Adventure journalist and now Chief Reconnaissance Officer Thayer Walker, along with his 20 entrepreneurial jet-setting colleagues of the Summit Series, host events described as a party of smart people in interesting places.
Last year, they hosted the Summit at Sea [story here] with 1,000 attendees including Sir Richard Branson, Peter Diamandis (X Prize Foundation), Jared Cohen (Google), Peter Thiel (The Founders Fund), Russell Simmons, Blake Mycoskie (Tom’s Shoes), social media blogger Gary V and artist Peter Tunney. The Summit focused on saving our oceans, a cause near to Sir Branson’s heart after launching Virgin Oceanic last year. Attendees collaborated with leading scientists, explorers, and conservationists to understand and address the challenges facing our current oceanic ecosystem.
The conference attendees were asked a simple question: “What is one thing that you, your company, or your industry can do to protect the ocean?”

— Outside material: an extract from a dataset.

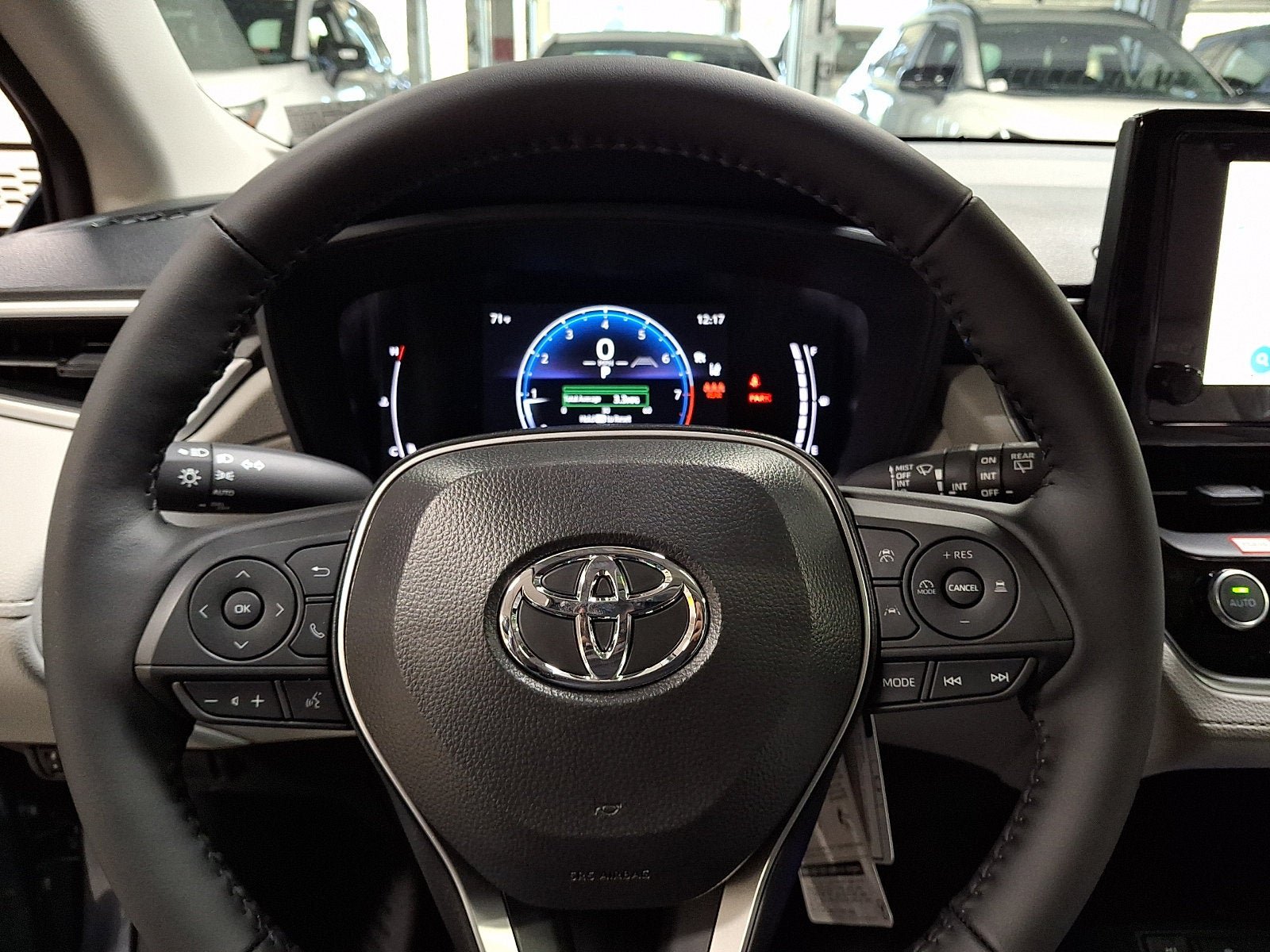 New 2026 Toyota Corolla Cross LE w/ Moonroof Package AWD/4WD image 14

One attendee had a particularly innovative response. Kristofor Lofgren, founder of Bamboo Sushi, the country’s first sustainable sushi restaurant, presented the idea to use revenue from his restaurant to help create marine protected areas where fish could find sanctuary and reproduce. After the conference, Summit Series got a call from Kristofor. He had a $250,000 check and a plan: “Let’s create a marine protected area together.”

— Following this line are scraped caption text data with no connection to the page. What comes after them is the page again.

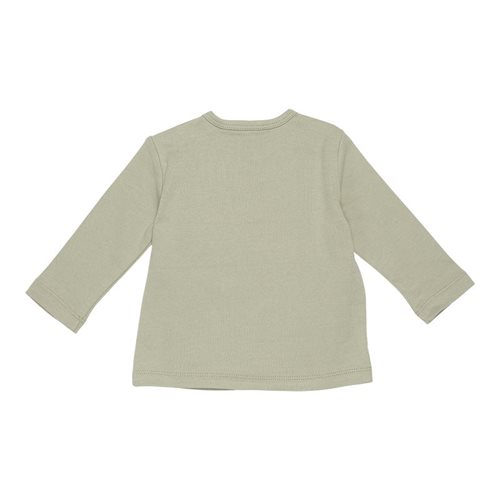 T-Shirt langärmlig Seagull Olive - 80
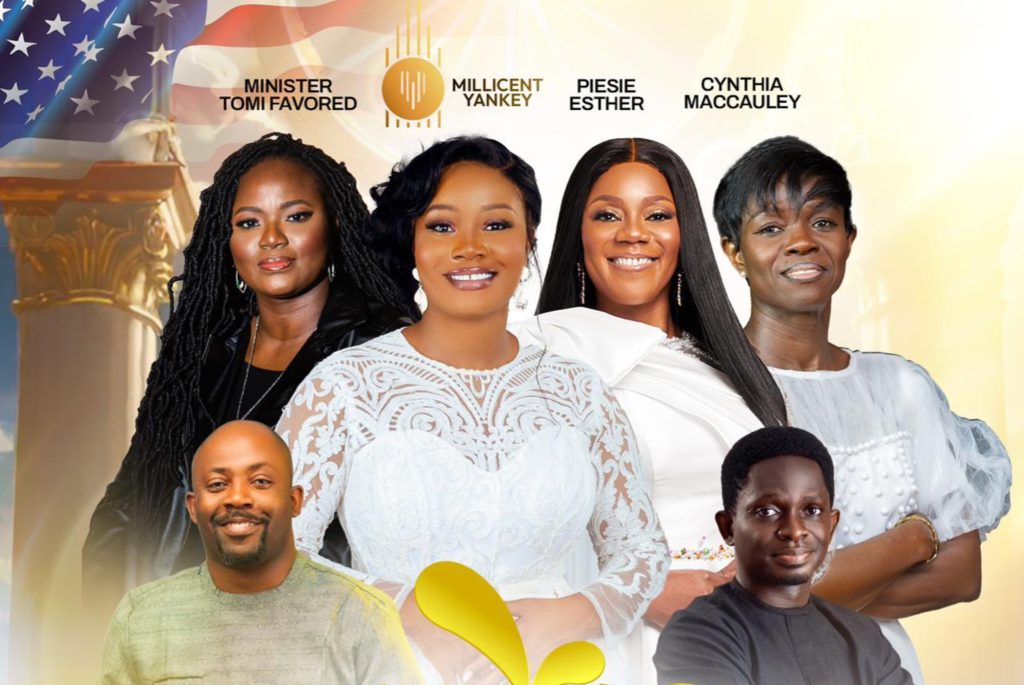 Gospel Singer Millicent Yankey Set To Host Grace Experience" Worship Concert In Atlanta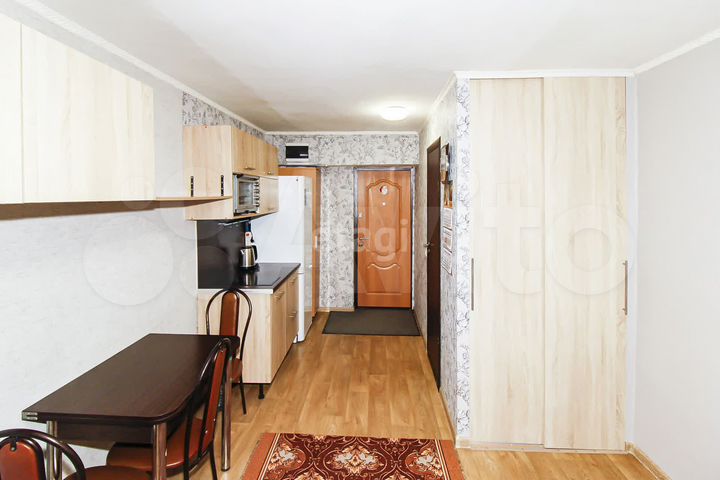 Комната 18,3 м² в 1-к., 2/5 эт.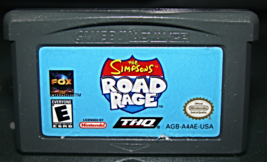 Game Boy Advance - The Simpsons Road Rage (Game Only) - $15.00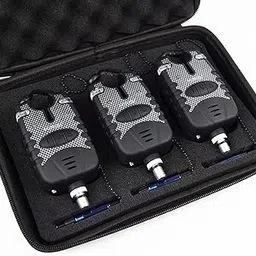 LICHTS Carp Fishing Bite Alarm Waterproof Blue LED Sound Indicator Fishing Tackle-picture-32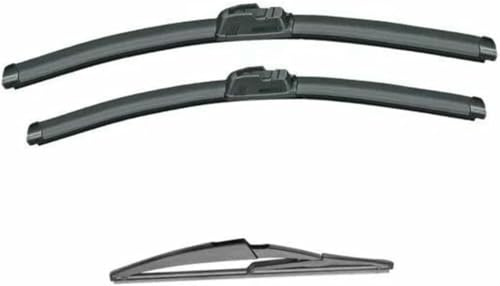 ZHUNDU Car Windshield Wipers For Nis&san For Juke F15 07.2010-2017 Windshield Windscreen Rear Window 22+14+12 Front And Rear Wiper Blades Set Wiper Blade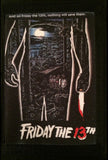 Friday the 13th Canvas Wallet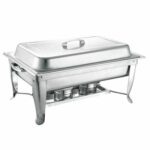 Epinox Chafing Dish Reşo Ekonomik 9 L (CDE-9)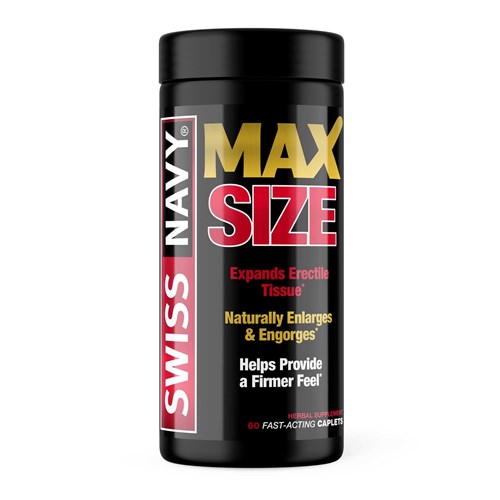 Swiss Navy-Max Size 60ct front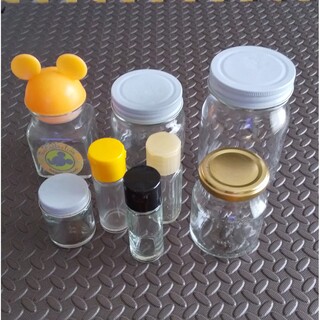 空き瓶 色々(容器)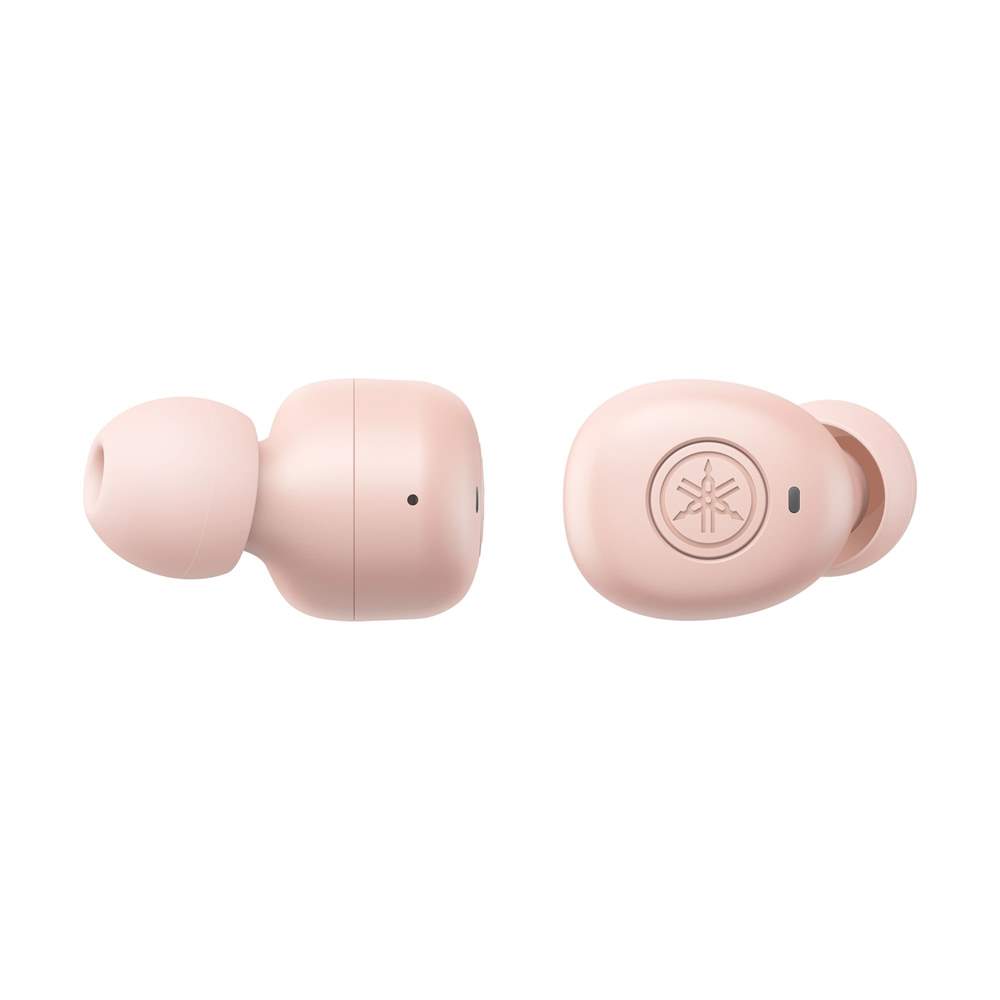 Pink wireless online earphones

Walker tells me that just twenty miles from where their ship anchored at Summit at Sea there’s a sanctuary that needs help. He says the 70 square mile South Berry Island Marine reserves is one of the most ecologically diverse areas in the Bahamas and was named a marine protected area (MPA) a decade ago. While this particular MPA has been declared a no-take zone, meaning there is no fishing of any kind allowed, it’s a sanctuary only in name. There’s no infrastructure, not a single enforcement, officer, and no protection. That’s where the funding will go. In a must-read Scuttlefish interview with Brian Lam, Walker says the money will go to The Nature Conservancy, a non-profit managing the project.

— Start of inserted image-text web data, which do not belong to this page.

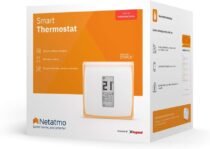 Termostato Inteligente WiFi Netatmo para Caldera Individual, Blanco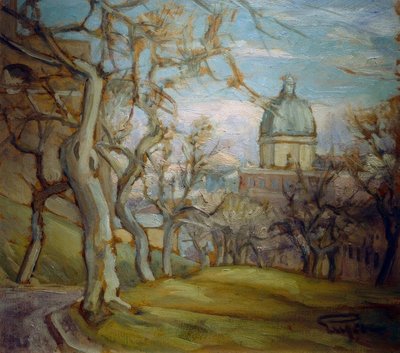 Nedanför Monte Gianicolo av Eugen Prinz von Schweden
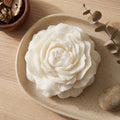 Handmade Peony Flower Candle – view 4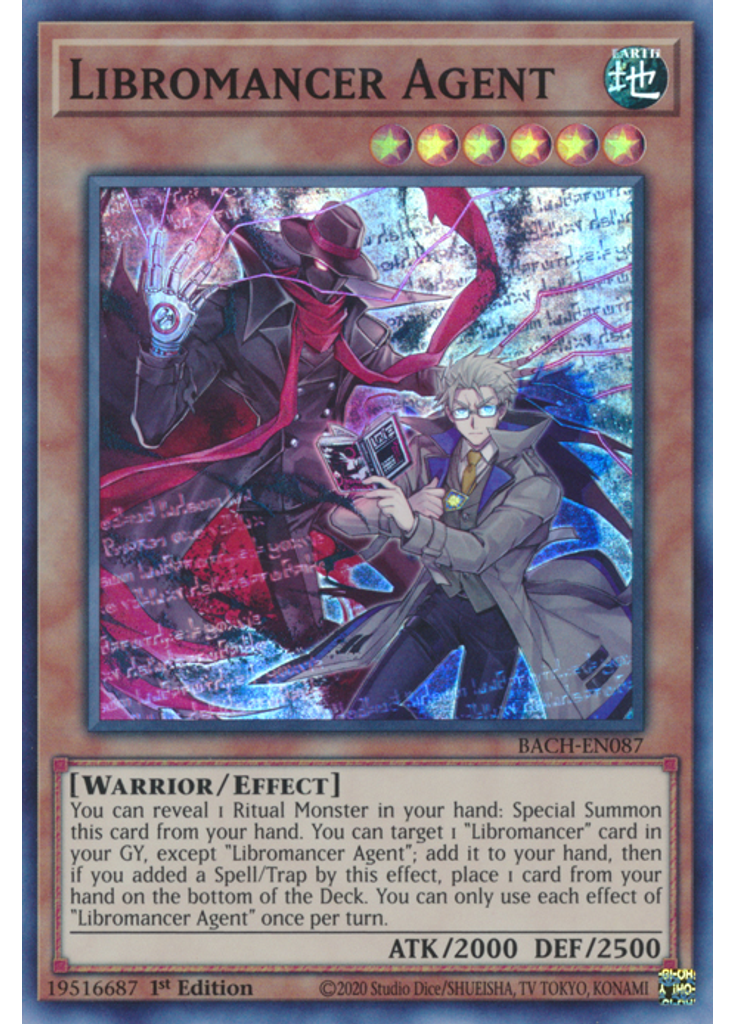 Libromancer Agent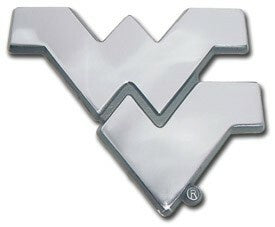 WVU Chrome Emblem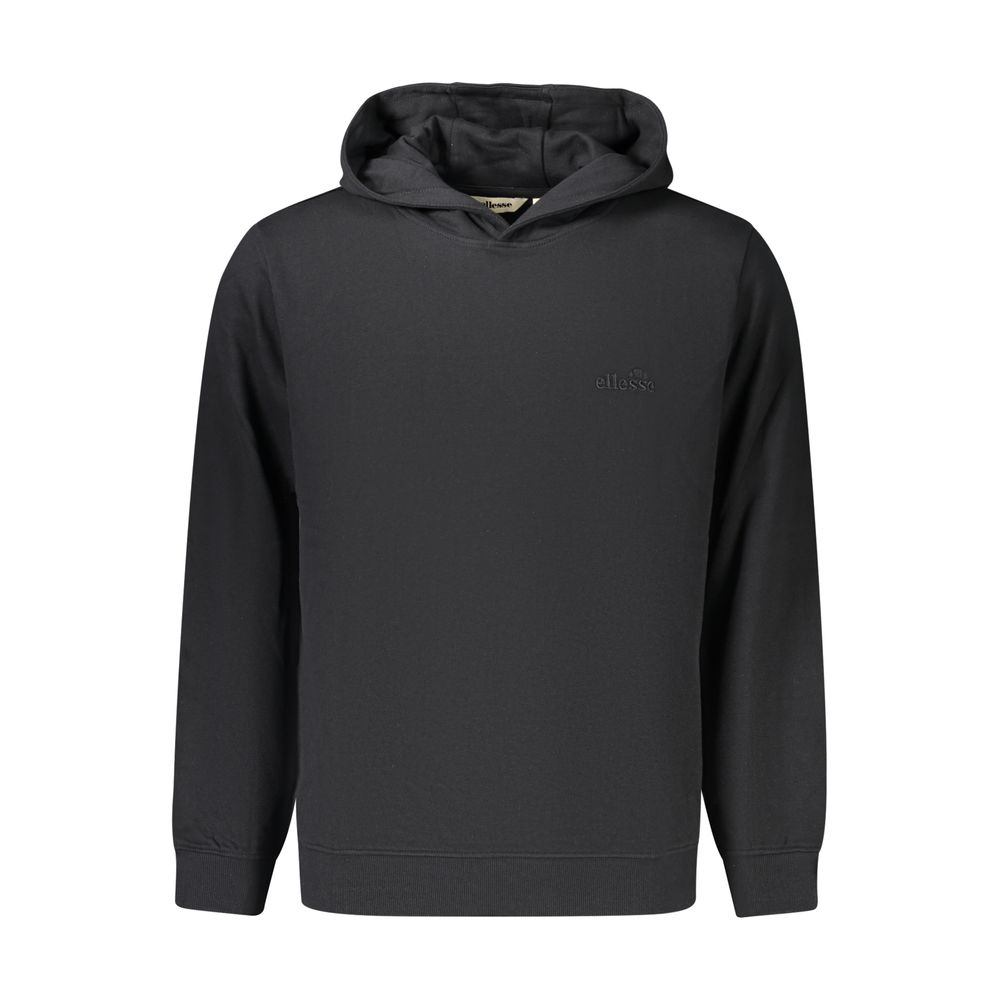 Ellesse Schwarzer Baumwoll-Sweatshirt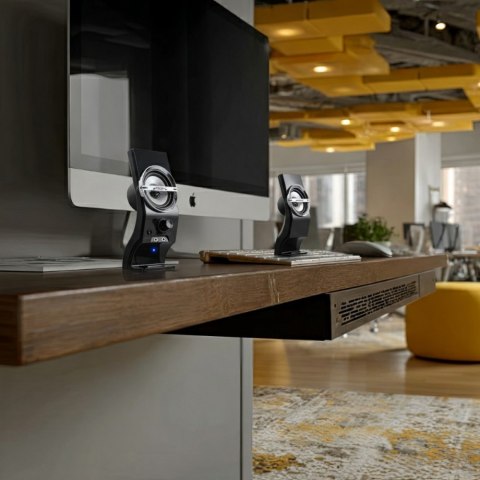 Głośniki komputerowe 6W AC805 USB Black Audiocore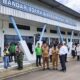 Wakil Wali Kota Sibolga Sambut Kedatangan Menko PM Muhaimin Iskandar di Bandara Pinangsori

The Nature Conservancy needs $500,000 to get the park running. Thanks to Kristofor, Bamboo Sushi and others, they’ve raised more than $400,000. Author Tim Ferriss has already offered a $25,000 match and Zappo’s Tony Hsieh said that he will also match every dollar up to $25,000.
Now, Summit Series is turning to Crowdrise to help crowdfund the last $100,000. They’ve raised $80,000 out of their goal. They have only $20,000 left and with Tony Hsieh matching dollar for dollar, they really only have $10,000 to go.